The University of Newcastle has formal guidelines in place to regulate water discharges and protect environmental and public health.

Specifically:

  • The Hydraulic Services Guiding Document (v2.0 - effective since November 2024), in Section 5.7 (pages 40-46), lays out minimum requirements for stormwater and sub‑soil drainage and discharge.
  • It mandates that:

"All stormwater and sub‑soil discharges must comply with water quality and discharge rates, in accordance with the local water authority, Local Council DCP for water and flood management, and NSW EPA requirements."
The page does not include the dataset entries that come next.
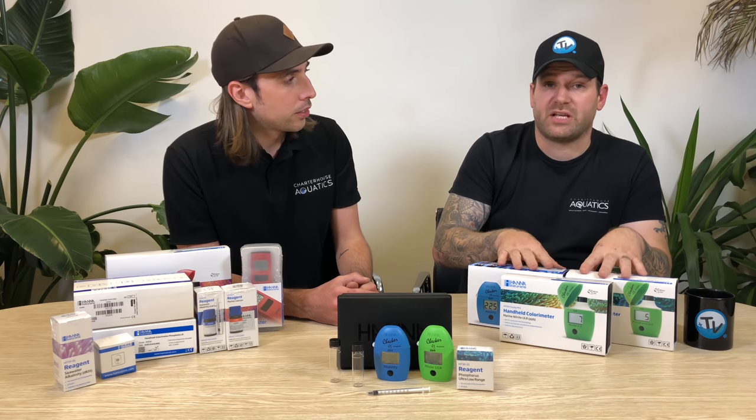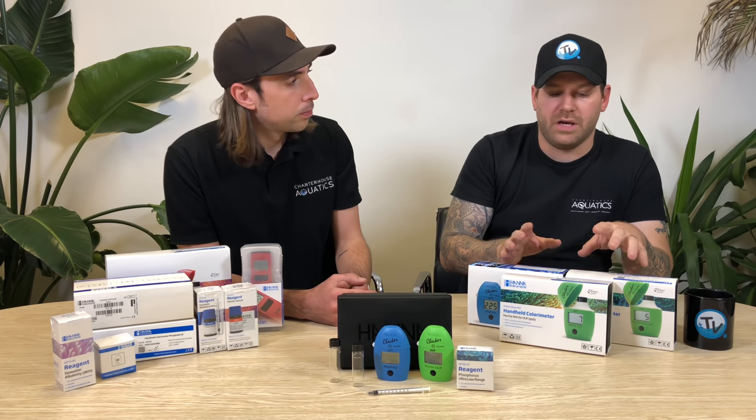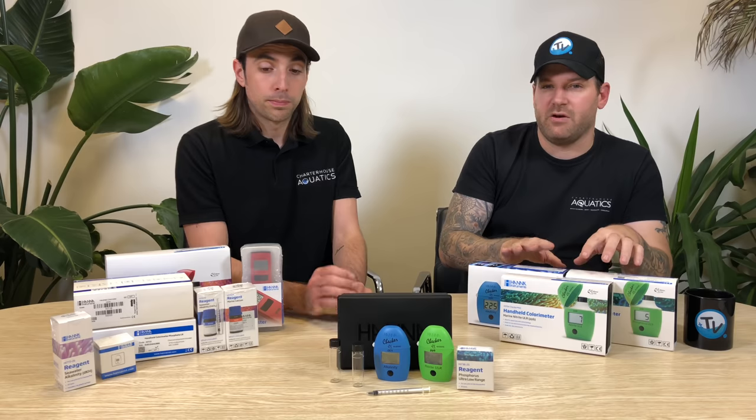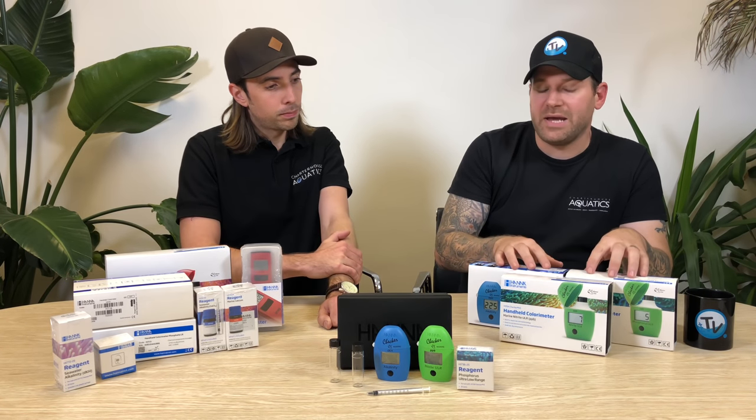Some of the most popular digital checkers on the market are made by HANA Instruments. HANA have been around since the 70s and they're a leader in the field of water testing. They've made a complete range of testers for the aquarium industry.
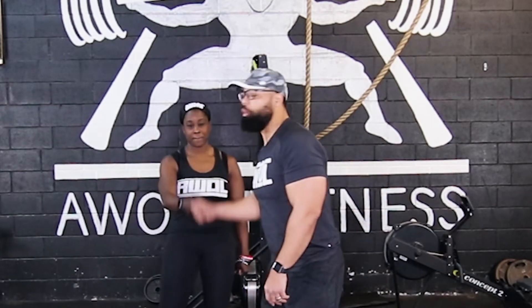Yo, what's up y'all? We back with the workout of the week again. Guess what? Got Latoya with me. We got another burner, y'all. Check it out.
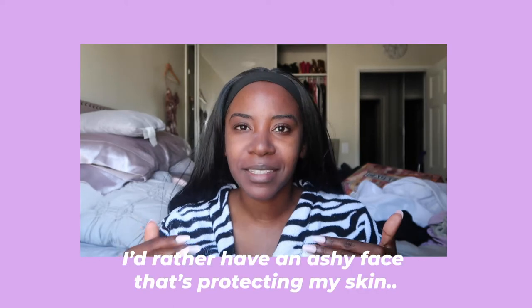I'd rather have an ashy face that's protecting my skin. We are finally trying on a whole bunch of different sunscreens. I know you guys are super excited for this video — you've been asking for it and I've been wanting to do it for a while. I have makeup wipes from Target that I'm going to use to wipe the sunscreen off as we go.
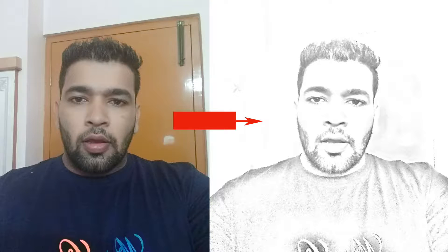Hey everyone, welcome to Cats Focus. Today I'm going to show you how to convert a normal photo to a sketch or a drawing. Let's get started.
  • These requirements are designed to ensure that discharges do not adversely affect surrounding ecosystems, waterways, or human health.
  • The document also includes specifications for stormwater treatment, runoff control, erosion protection, and site water management to reduce the impact of campus infrastructure on hydrology and water quality.
  • Compliance with these standards is integrated into campus works, building approvals, and drainage design, ensuring that new infrastructure and modifications adhere to environmental safeguards.
Water Discharge Guidelines in Action:

Honeysuckle City Campus Development (Stage 1A) — Stormwater & Servicing Report

  • For the new Honeysuckle City Campus Development (Stage 1A), the project’s Stormwater and Servicing Report (Appendix N) includes detailed modelling, design, and justification for stormwater infrastructure consistent with local regulations and environmental safeguard expectations.
  • The report shows how the development will manage runoff, drainage paths, retention, and discharge controls so that stormwater leaving the site meets prescribed discharge rates, quality standards, and best practice design.
  • Such infrastructure includes detention/retention basins, appropriate piped systems, and consideration of downstream impacts, demonstrating alignment with the University’s Hydraulic Services standards and external regulatory requirements.

This demonstrates that the University does not merely state water discharge policies internally — but that we apply them in major campus developments, ensuring that new building and campus expansion projects comply with environmental and hydrological controls to protect ecosystems, wildlife, and human welfare.